● Exercise requirements
If a line of the records contains the string "Beige", copy it out.

====

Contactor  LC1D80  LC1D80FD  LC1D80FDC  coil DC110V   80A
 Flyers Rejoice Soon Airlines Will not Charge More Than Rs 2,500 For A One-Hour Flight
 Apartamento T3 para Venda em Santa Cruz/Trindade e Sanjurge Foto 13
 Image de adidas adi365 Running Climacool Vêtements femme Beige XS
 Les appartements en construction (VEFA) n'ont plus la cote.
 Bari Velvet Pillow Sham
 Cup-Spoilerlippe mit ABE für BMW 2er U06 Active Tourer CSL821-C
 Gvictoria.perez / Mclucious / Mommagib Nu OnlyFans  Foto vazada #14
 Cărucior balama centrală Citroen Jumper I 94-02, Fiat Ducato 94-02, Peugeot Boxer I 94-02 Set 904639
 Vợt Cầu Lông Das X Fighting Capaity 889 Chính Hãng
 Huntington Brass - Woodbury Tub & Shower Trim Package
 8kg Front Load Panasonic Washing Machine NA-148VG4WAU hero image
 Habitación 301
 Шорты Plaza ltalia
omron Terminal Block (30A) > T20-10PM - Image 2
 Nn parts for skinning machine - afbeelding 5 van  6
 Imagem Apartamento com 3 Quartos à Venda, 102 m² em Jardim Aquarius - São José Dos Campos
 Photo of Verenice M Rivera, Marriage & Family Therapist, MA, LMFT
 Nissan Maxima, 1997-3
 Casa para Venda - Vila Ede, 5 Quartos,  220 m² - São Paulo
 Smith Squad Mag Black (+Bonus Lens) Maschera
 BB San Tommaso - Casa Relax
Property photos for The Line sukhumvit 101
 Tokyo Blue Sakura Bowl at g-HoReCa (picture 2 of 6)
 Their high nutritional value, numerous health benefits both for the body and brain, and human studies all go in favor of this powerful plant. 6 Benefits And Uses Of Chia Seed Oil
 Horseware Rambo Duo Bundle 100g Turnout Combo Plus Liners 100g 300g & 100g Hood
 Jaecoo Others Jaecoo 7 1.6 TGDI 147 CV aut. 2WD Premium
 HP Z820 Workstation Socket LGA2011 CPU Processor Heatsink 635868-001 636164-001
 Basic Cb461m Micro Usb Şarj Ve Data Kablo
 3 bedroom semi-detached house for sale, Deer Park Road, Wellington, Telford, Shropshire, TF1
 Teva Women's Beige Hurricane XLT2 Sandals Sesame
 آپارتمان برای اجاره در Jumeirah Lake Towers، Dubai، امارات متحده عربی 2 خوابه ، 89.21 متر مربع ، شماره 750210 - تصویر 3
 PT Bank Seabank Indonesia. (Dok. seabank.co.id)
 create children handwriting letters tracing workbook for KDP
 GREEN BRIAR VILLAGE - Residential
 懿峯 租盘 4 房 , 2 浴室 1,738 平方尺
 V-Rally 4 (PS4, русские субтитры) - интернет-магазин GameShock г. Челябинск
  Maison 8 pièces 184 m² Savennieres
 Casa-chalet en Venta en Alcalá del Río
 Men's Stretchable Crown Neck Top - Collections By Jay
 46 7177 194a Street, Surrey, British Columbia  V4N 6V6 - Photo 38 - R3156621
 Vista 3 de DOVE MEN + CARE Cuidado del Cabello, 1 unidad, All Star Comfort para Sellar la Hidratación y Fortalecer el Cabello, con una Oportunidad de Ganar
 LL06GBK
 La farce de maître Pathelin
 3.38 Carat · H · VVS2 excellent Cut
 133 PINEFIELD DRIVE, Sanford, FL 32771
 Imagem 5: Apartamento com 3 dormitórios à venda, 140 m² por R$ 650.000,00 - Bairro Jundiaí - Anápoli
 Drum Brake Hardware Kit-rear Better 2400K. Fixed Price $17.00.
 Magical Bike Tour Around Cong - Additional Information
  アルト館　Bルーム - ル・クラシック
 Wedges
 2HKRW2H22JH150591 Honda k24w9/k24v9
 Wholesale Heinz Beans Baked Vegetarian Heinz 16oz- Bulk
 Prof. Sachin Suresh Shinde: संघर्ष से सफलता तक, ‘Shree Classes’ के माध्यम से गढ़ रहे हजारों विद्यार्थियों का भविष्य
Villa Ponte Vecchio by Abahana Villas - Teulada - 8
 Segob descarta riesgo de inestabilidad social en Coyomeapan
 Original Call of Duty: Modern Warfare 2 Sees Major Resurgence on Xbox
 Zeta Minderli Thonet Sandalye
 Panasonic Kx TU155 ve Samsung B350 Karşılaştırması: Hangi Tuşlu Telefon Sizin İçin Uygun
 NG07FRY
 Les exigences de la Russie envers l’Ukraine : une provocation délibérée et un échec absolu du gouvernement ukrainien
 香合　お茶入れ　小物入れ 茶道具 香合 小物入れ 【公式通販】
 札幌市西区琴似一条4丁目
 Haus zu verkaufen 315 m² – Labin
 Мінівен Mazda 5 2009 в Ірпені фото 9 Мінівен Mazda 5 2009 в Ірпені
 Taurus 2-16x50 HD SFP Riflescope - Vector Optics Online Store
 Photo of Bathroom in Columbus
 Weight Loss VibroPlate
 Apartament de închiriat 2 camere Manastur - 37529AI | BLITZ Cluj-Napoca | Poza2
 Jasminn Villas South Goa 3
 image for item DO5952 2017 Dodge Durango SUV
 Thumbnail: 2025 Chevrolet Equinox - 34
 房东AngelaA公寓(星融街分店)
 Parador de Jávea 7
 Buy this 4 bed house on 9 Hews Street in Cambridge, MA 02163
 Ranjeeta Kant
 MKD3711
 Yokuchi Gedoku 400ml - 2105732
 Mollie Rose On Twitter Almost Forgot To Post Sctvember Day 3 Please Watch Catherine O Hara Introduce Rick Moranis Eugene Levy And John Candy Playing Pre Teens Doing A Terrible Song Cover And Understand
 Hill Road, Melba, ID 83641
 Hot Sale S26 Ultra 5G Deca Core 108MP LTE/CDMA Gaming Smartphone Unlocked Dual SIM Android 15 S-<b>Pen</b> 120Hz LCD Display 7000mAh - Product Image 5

====

● Result
 Image de adidas adi365 Running Climacool Vêtements femme Beige XS
 Teva Women's Beige Hurricane XLT2 Sandals Sesame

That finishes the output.